Shoppers Stop’s response to competition has been a combination of store expansion and changes in brand positioning. From 1991 to 2000 the company operated seven stores. From 2000 to 2010 the store count went up to 30. In the last five years the count has jumped to 70-plus. “When we started, we were a men’s wear store, then we became a full-fledged department store, and by 2005 we were a premium department store,” says Shrikhande. In 2008 it repositioned itself from premium to bridge-to-luxury, bringing in brands like Tommy Hilfiger, Calvin Klein, and French Connection.

Against Zara and its tribe, the company is banking on Spanish label Desigual, which is priced at a premium, in the region of $80. There’s also designer Rocky S’s brand RS, Femina Flaunt, and actor Sonam Kapoor and Rhea Kapoor’s brand Rehson. The company is also moving away from slow categories like jewellery to focus on beauty and eyewear. Brands like Estee Lauder, MAC, Bobby Brown, and Clinique have delivered healthy like-to-like growth and robust margins, and the company plans to extend their presence to quick shopping destinations like airports through standalone stores. In the apparel category, it has added a new feature called the style hub in the centre of the store that gives the shopper a quick idea of what’s in fashion.

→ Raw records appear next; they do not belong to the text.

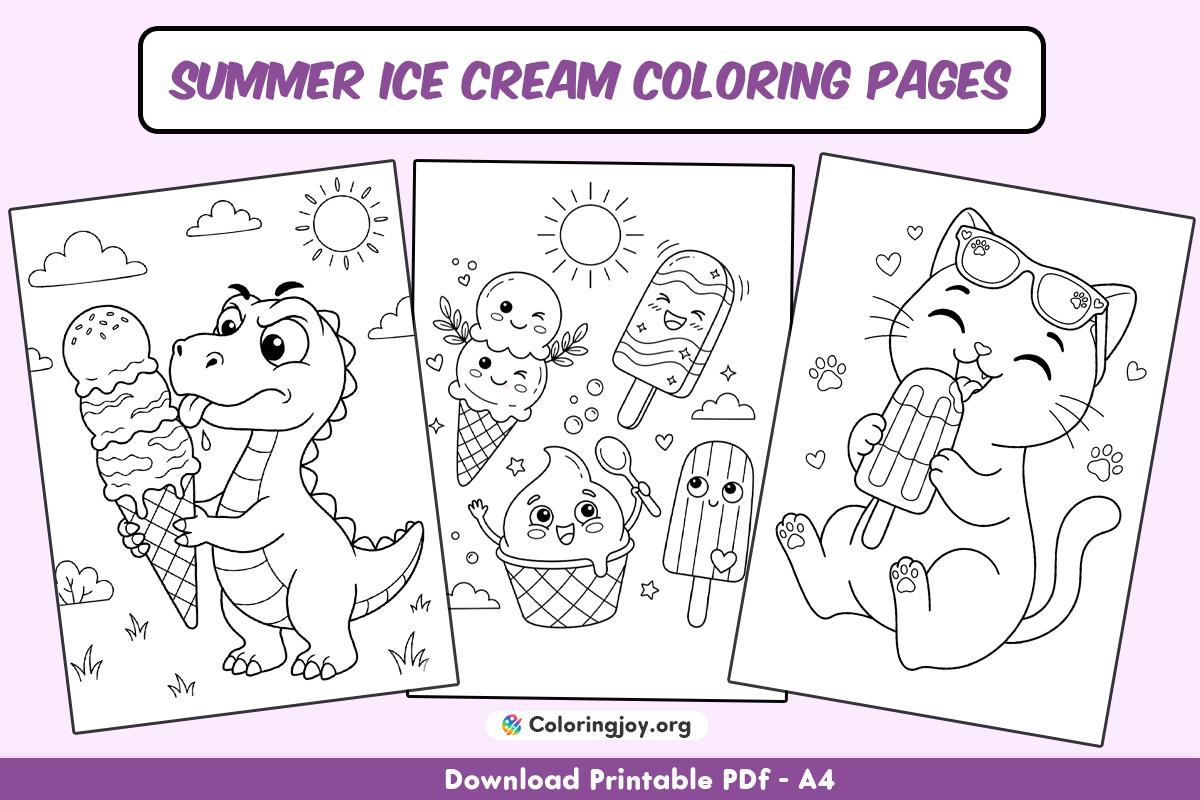 Summer Ice Cream Coloring Pages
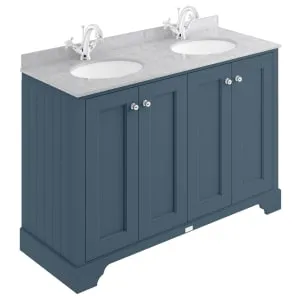 Bayswater Victrion Stiffkey Blue Traditional Freestanding Vanity Unit & Grey Marble Top Basin - 1200mm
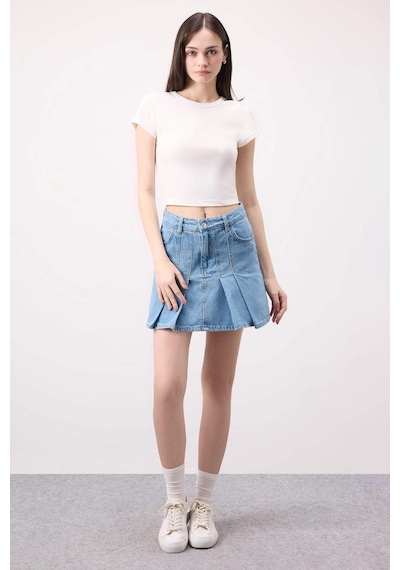 Defacto Fashion Fit Pileli Jean Mini Etek B9853AX24SMNM39 Mavi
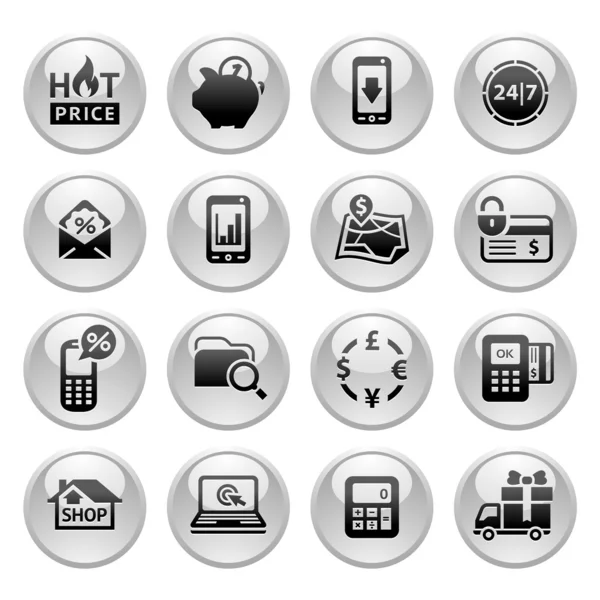 Iconos de compras, botones redondos grises nuevo — Vector de stock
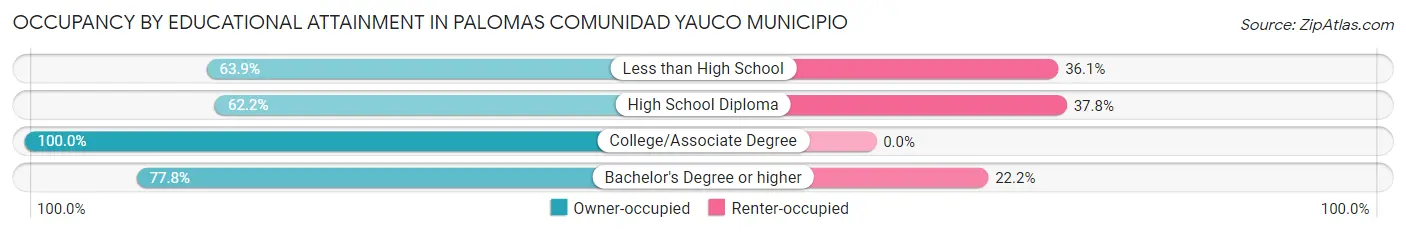 Occupancy by Educational Attainment in Palomas comunidad Yauco Municipio
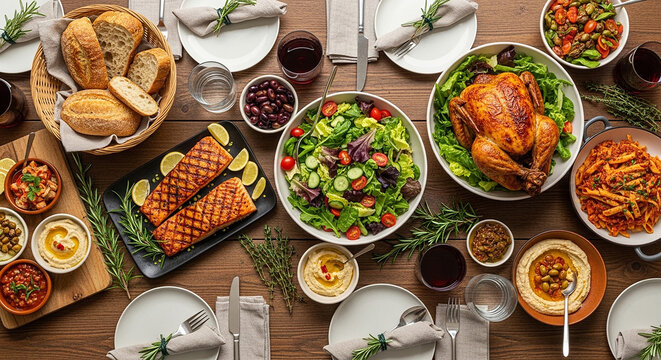 Abundant buffet table with roasted chicken salmon salad pasta.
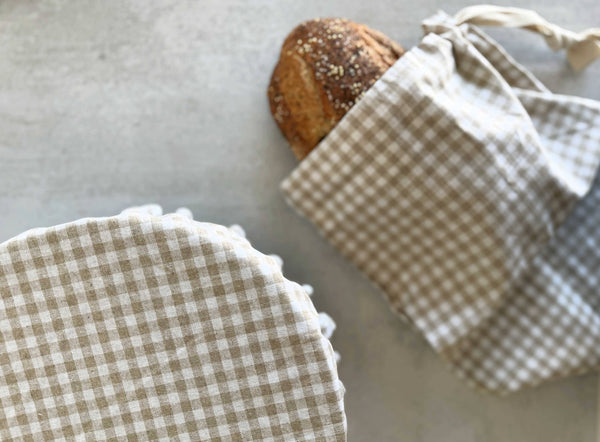 Wheat Check Bread Makers Set- bread bag and cover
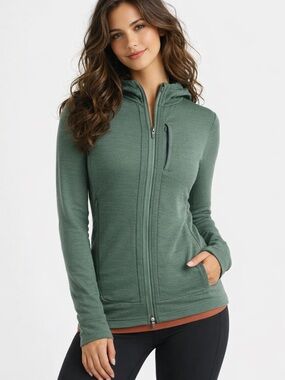 Icebreaker Quantum III 100% Merino Wool Full Zip Hoodie Sage Outdoor Size M
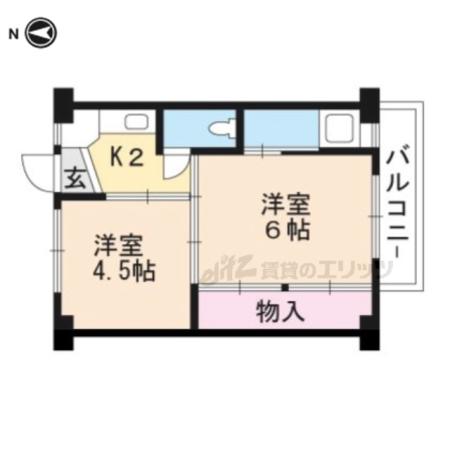 ビレッジハウス長岡 3号棟(2K/3階)の間取り写真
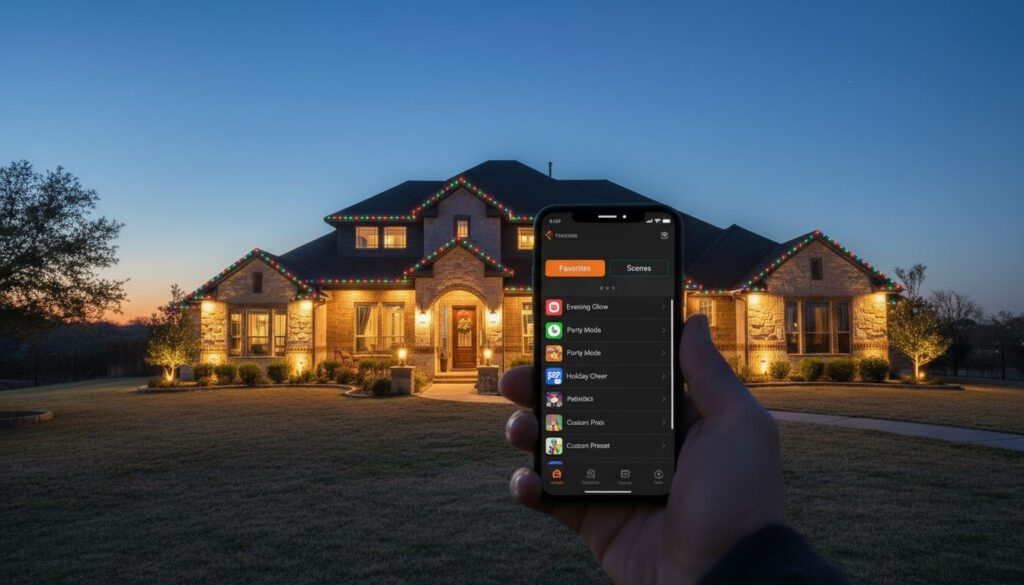 App controlled holiday lights displaying festive colors that can be customized via smartphone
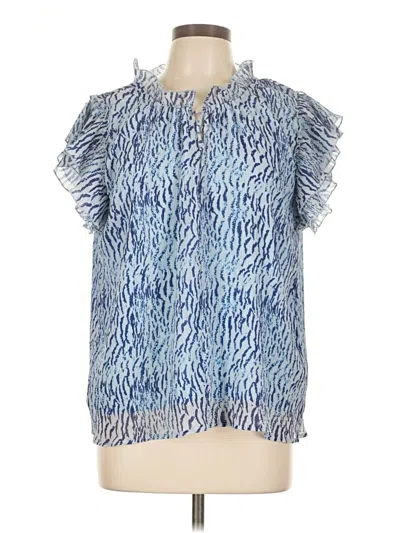Pre-owned Central Park West Short Sleeve Blouse In Blue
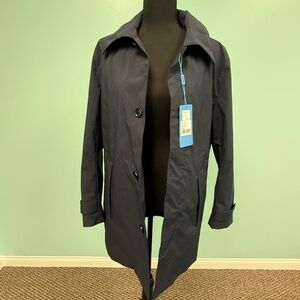 Pelago collar functional trench coat with removable quilted liner in navy sz 38S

Big fixes are afoot at Hypercity too. “Food and grocery accounts for about 60% of a household’s total spend. That’s why we chose to focus on that category at Hypercity,” says Shrikhande. The first Hypercity store in Malad, a Mumbai suburb, was hugely successful. But things quickly went wrong. “With the Malad store, we experimented with the big-box format outside the city, and its success took us down the wrong path,” says Shrikhande. The next few locations failed to recreate the numbers, and since then Hypercity has shed a lot of flab. It has exited unprofitable categories like electronics and furniture to focus more on daily-wear apparel and food. From a footprint stretching 1.3 million sq. ft. over 12 stores, Hypercity now occupies a trimmer 1.25 million sq ft over 16 stores, and expects to be EBIT positive by end-FY16 and PAT positive by end-FY17.

Ultimately, the fate of Shoppers Stop’s fightback rests on its level-headed chief’s faith in retail. Through our chat, Shrikhande doesn’t skirt difficult questions or look to shift blame, steering clear of the denial that has sunk many a legacy company in the digital age. Even when he talks up Shoppers Stop’s omni channel future, he does so with quiet confidence. There is no hint of the aggression that marks the public statements of Kishore Biyani, for instance, who is known to lambaste the business model of fledgling e-commerce firms.

Shrikhande says Shoppers Stop will be all right because of one simple reason: Human beings love experiences. “You spend a few thousand rupees on a movie in a multiplex with your family, even though you know you can watch it for free on TV,” he says. “You spend that money because you want the experience. No one can take away that experience from physical retail.”